Framework Refinement:

  • Adjust conviction scoring weights based on prediction accuracy
  • Refine purchase strategy allocation based on risk-adjusted returns
  • Update regime detection criteria based on market evolution

Expected Outcomes and Success Metrics

12-Month Performance Targets

Primary Metrics:

  • Overall Returns: 15-25% annual returns with <15% volatility
  • Conviction Accuracy: Conviction 4-5 positions outperform 70%+ of the time
  • Risk Management: No individual position loses >50% of allocation
  • Capital Efficiency: Options strategies achieve 2x+ returns vs equity-only approach

Learning Objectives:

  • Validate AI regime detection accuracy across different market cycles
  • Refine conviction scoring methodology based on real outcomes
  • Optimize purchase strategy selection for different market environments
  • Build systematic process that can scale to larger capital allocations

Implementation Timeline

Phase 1: Framework Setup (Weeks 1-2)

  • Configure AI research queries for regime detection and company analysis
  • Set up paper portfolio tracking system with P&L calculation
  • Establish data feeds for fundamental metrics and options pricing

Phase 2: Initial Screening (Weeks 3-4)

  • Run Buffett fundamentals screen across investable universe
  • Conduct AI durability assessments on 20-25 candidates
  • Calculate initial conviction scores and build candidate pipeline

Phase 3: Position Implementation (Weeks 5-8)
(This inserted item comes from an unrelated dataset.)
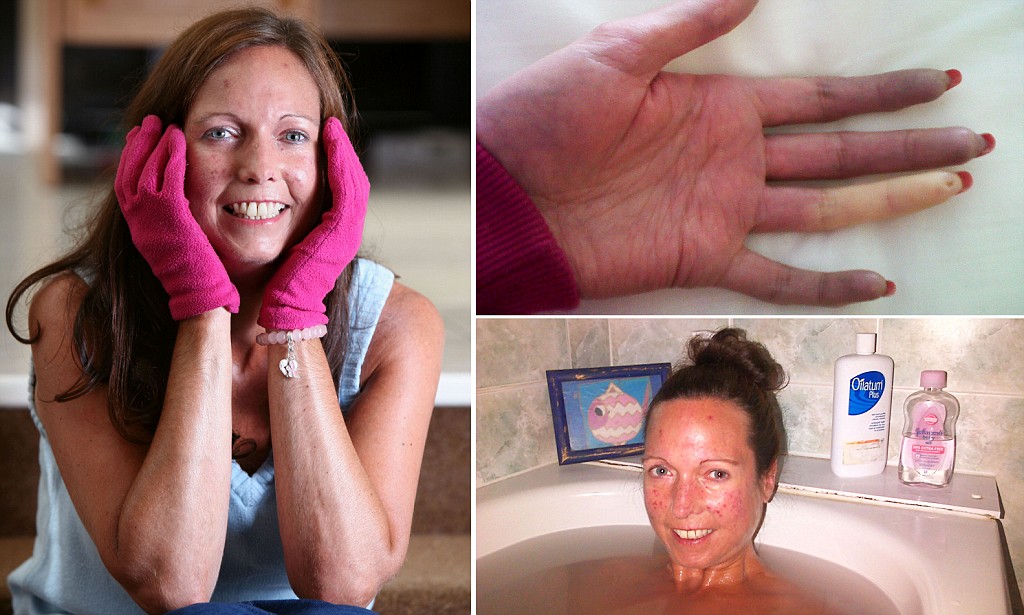 cosmicfairy444's tweet card. Nicola Whitehill, 40, of Southport, Merseyside, has systemic sclerosis (scleroderma), meaning her skin and blood vessels harden and restrict her movement.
  • Begin paper portfolio entries based on conviction levels
  • Execute purchase strategies matching framework guidelines
  • Establish monitoring and review processes

Phase 4: Performance Validation (Months 3-6)

  • Track framework accuracy vs actual market outcomes
  • Refine conviction scoring based on performance attribution
  • Optimize position sizing and purchase strategy selection

Conclusion

The simplified decision framework provides a systematic, measurable approach to value investing in the post-AI world. By combining multi-AI regime detection with structured conviction scoring and options-based execution, the framework transforms subjective investment decisions into a repeatable process with trackable performance outcomes.

Key Advantages:

  • Simplicity: Three clear steps eliminate decision paralysis and emotional trading
  • Measurability: Paper portfolio generates real P&L data for continuous improvement
  • Adaptability: AI-enhanced scoring accounts for disruption while maintaining value principles
  • Scalability: Systematic approach can grow with larger capital allocations

The framework's strength lies not in perfect prediction, but in consistent application of sound principles enhanced by AI insights. Success depends on disciplined execution and continuous refinement based on actual market outcomes.

Next Steps: Launch paper portfolio implementation by October 1st, 2025, with first performance review scheduled for December 31st, 2025.

This framework represents a practical evolution of value investing principles for an AI-transformed investment landscape, emphasizing measurable outcomes over theoretical sophistication.